A: Starting with the second question, the big players today will probably get bigger with the advent of broadband to the home. The marginal players won't be helped very much. Part of the problem with the broadband rollout is that the telcos had strong incentive to trip up the new DSL [digital subscriber lines] providers. And the cable deployment process was almost as much of a nightmare as the DSL deployment process. Broadband will eventually arrive, but it'll be several years later than most people anticipate. Once a customer has access to broadband, he does not go back to narrowband.
Q: Do you follow any of the Internet infrastructure plays -- the pick-and-shovel approach to the gold rush?
A: Yes, I do. Names like RealNetworks (RNWK), which we rate a hold, is a good example. We do believe streaming media will grow large over time. But Real will have to battle mighty Microsoft (MSFT), and the network can't handle much more than streaming audio today. We also follow WebEx, which is an enhanced Internet communications provider. It helps businesses reduce the cost of communication, both within and outside the organization. Two more names we like: Nuance (NUAN) and SpeechWorks (SPWX), both of which provide automated speech-recognition software that voice-enables the Internet and the enterprise database.
Q: Any possibility of E-Loan (EELN) making it or getting bought out?
A: That's always a possibility, but that space remains quite challenging. We don't officially follow this company, but generally speaking we like companies that use the Internet to take costs out of the system, as E-Loan does. If it can survive, it may find a profitable niche as other competitors exit the marketplace over time.
Q: Do you like any Net and e-commerce software companies, such as Check Point (CHKP)?
A: Two companies that fall in that general category include SpeechWorks and Nuance. I don't follow Check Point, but I recognize that one of the major gating factors for the Internet today is security -- at the enterprise level and the client level. Part of the reason players like Napster and MP3 have faced so much litigation is that every content provider out there is scared of digital replication of its offerings without getting paid for them. I think there will be some interesting investment opportunities in the security space.
Q: Do you think privacy concerns are a major factor impeding the Internet's growth? Or do you think those concerns are overblown? Should we be worried about privacy?
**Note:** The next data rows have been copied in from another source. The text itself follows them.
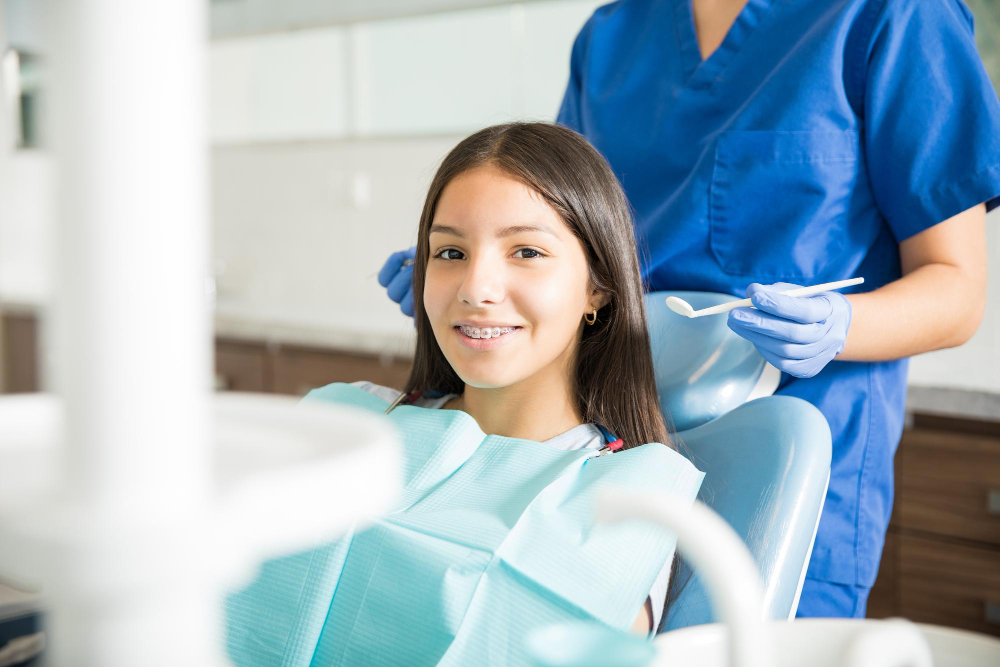 A young teenage girl with braces smiling and sitting on a dentist chair while the dentist is behind in the background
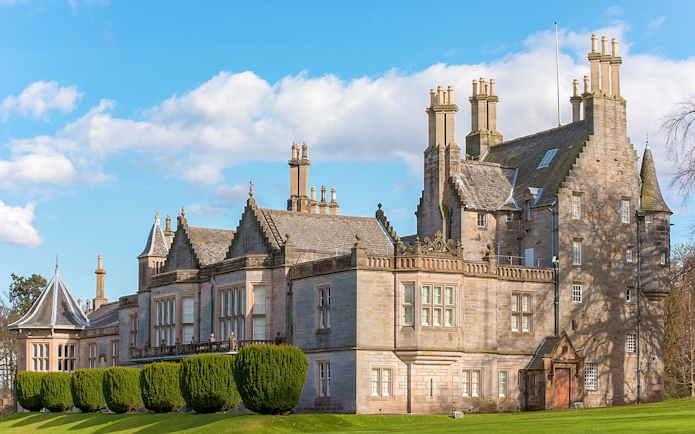 Historic mansion with ornate chimneys and manicured gardens, part of The Grande Ticket tour.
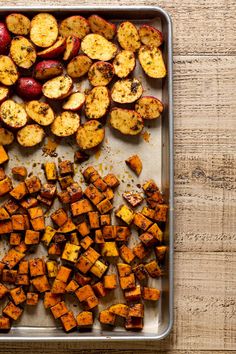 a pan filled with cooked sweet potatoes on top of a wooden table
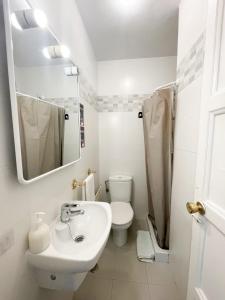 uma casa de banho branca com um WC e um lavatório em Toledo habitaciones em Madri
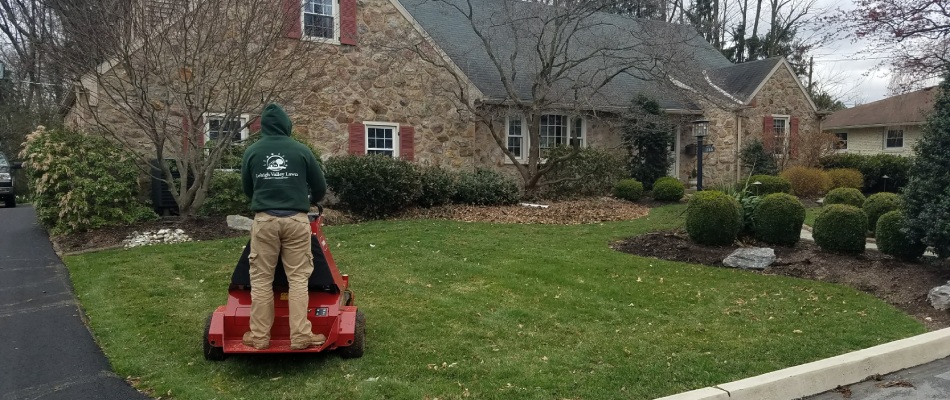 Lehigh employee servicing lawn during the fall season in Coopersburg, PA.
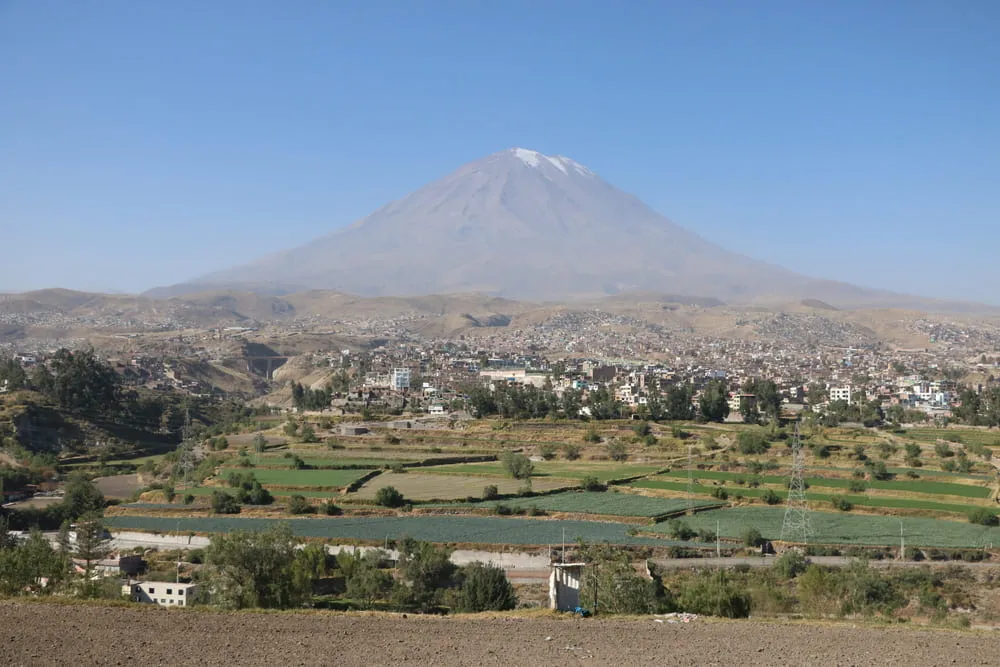 Imagem incrível do vulcão do Peru ao fundo, com seu pico nevado e a cidade abaixo, com muita vegetação preenchendo a paisagem.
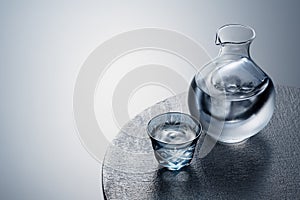 Sake poured into a faceted glass against a black background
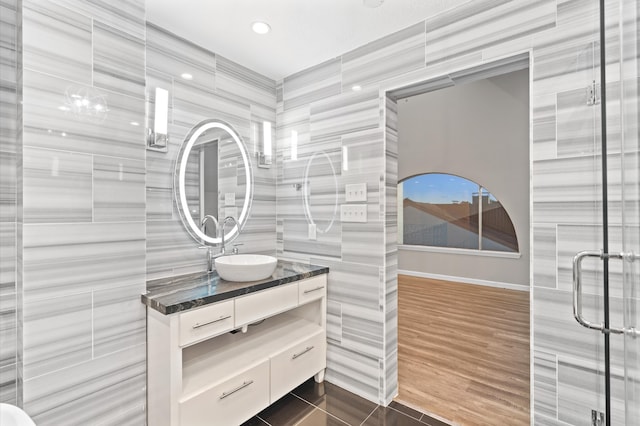 bathroom featuring tile walls, vanity, hardwood / wood-style floors, and a shower with shower door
A: Yes, we should be. I don't think the privacy concerns are overblown. At the same time, we advocate a reasonable approach to addressing those concerns. The Chicken Little approach -- "the sky is falling" -- isn't particularly helpful in our view. Players like Microsoft and others are positioning themselves to collect a staggering amount of information about consumers and their surfing, shopping, and viewing habits. Reasonable rules about how that information can be collected and used will help augment the growth of the Internet in the long term.
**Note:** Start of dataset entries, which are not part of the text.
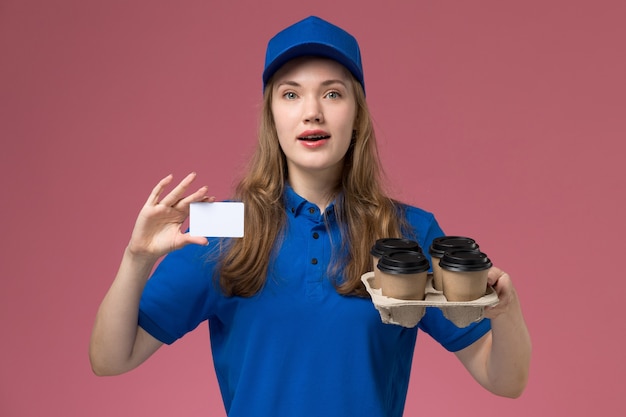 Corriere femminile di vista frontale in carta uniforme blu della tenuta e tazze di caffè marroni di consegna sul lavoratore dell'azienda uniforme di servizio scrivania rosa chiaro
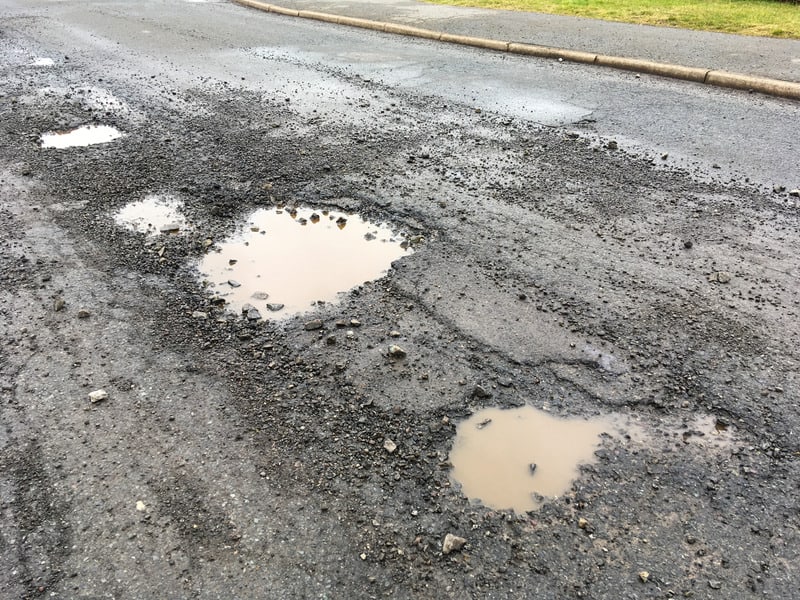 Pot holes in tarmac road surface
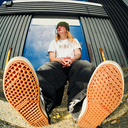 A person sitting outdoors in front of a corrugated metal wall and blue door, wearing a white graphic T-shirt, dark jeans, a green beanie, and orange-brown Vans sneakers. The photo is taken from a low angle with the soles of both shoes prominently visible.
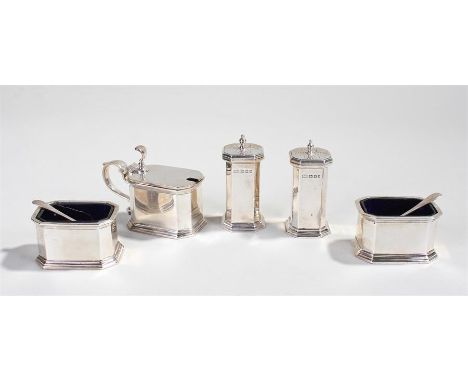 George V silver cruet set, London 1921, maker T R, consisting of two peppers, two salts with blue glass liners and a mustard 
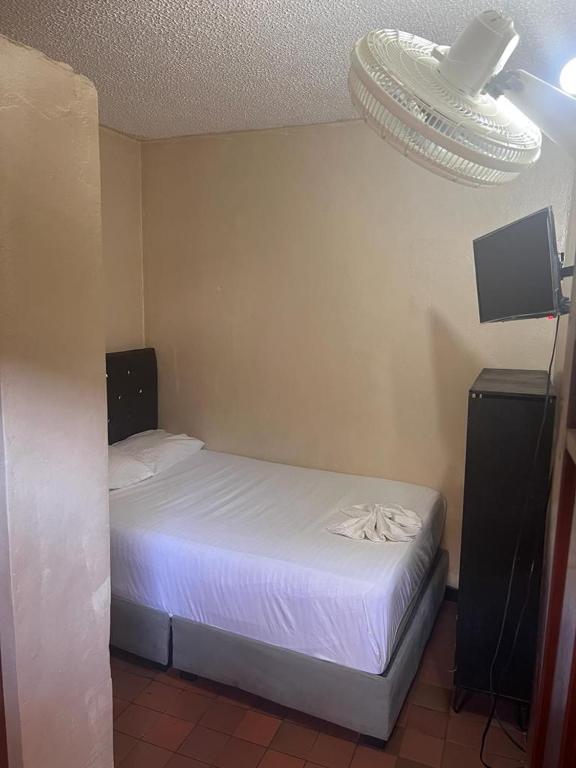 Postel nebo postele na pokoji v ubytování Nuevo hospedaje benny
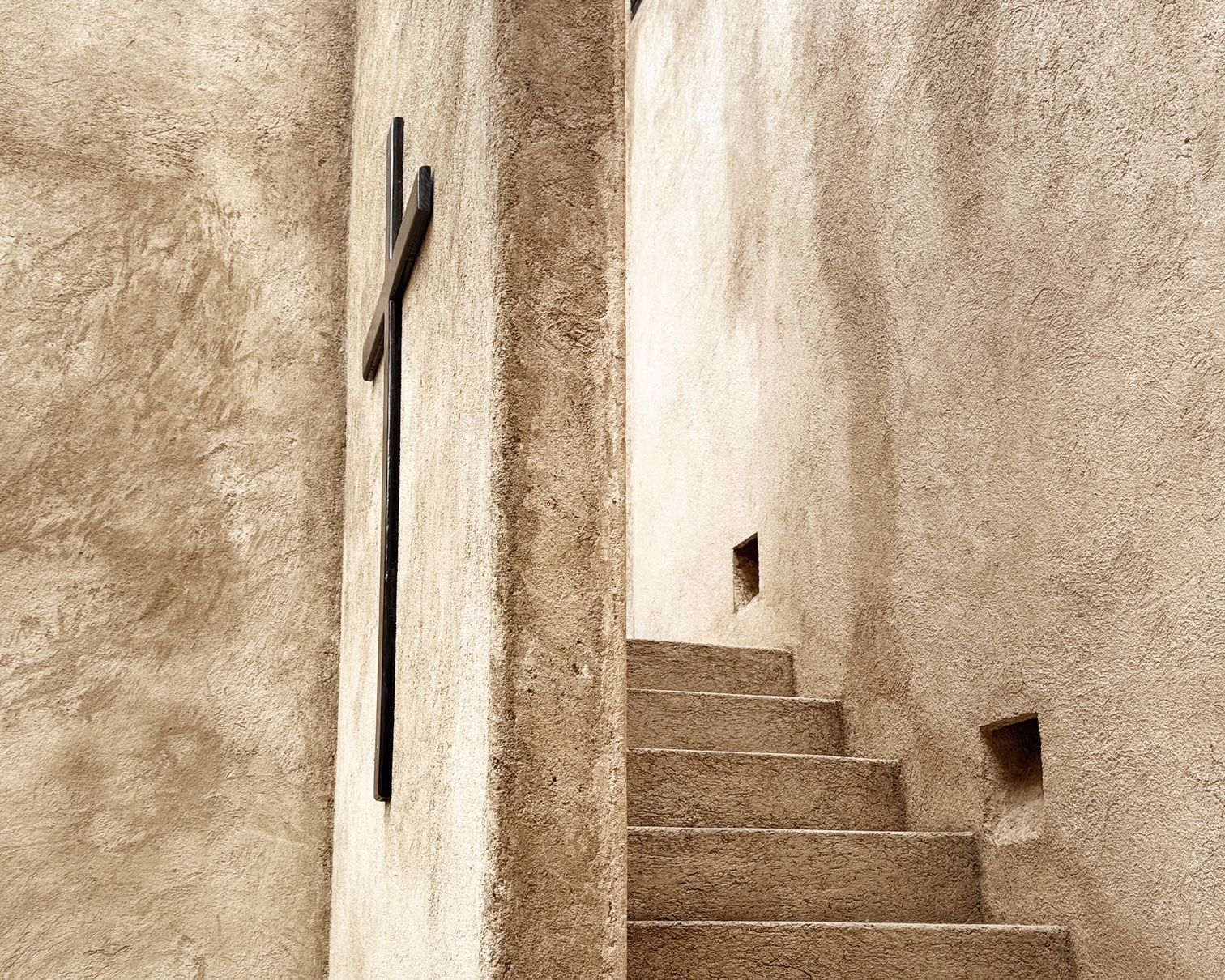 A staircase with a metal railing and a cross on the wall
Q: Any comments on educational Internet companies?
A: We don't officially follow them, but it's our view that distance learning will grow very large. This includes not just intra-company training, but expanding the classroom boundaries to the outer edges of the Internet. Ask yourself why the best graduate schools don't offer admission to larger numbers of students. It's typically not because of a dearth of qualified candidates, but rather the limitations of the physical facilities of the institution. We think that several years from now a degree from Stanford Business School online will be worth almost as much in the business world as [one from] Stanford -- the bricks-and-mortar version -- is today.
Q: The Internet has been a real roller-coaster. What has been the biggest surprise to you personally?
A: My biggest surprise has been that the most sophisticated institutional investors and venture capitalists sometimes make mistakes so obvious that the most casual of retail investors could have done better. That's not to say they always make mistakes -- they wouldn't have jobs [if they did] -- but there's no monopoly on good ideas and no monopoly on making mistakes.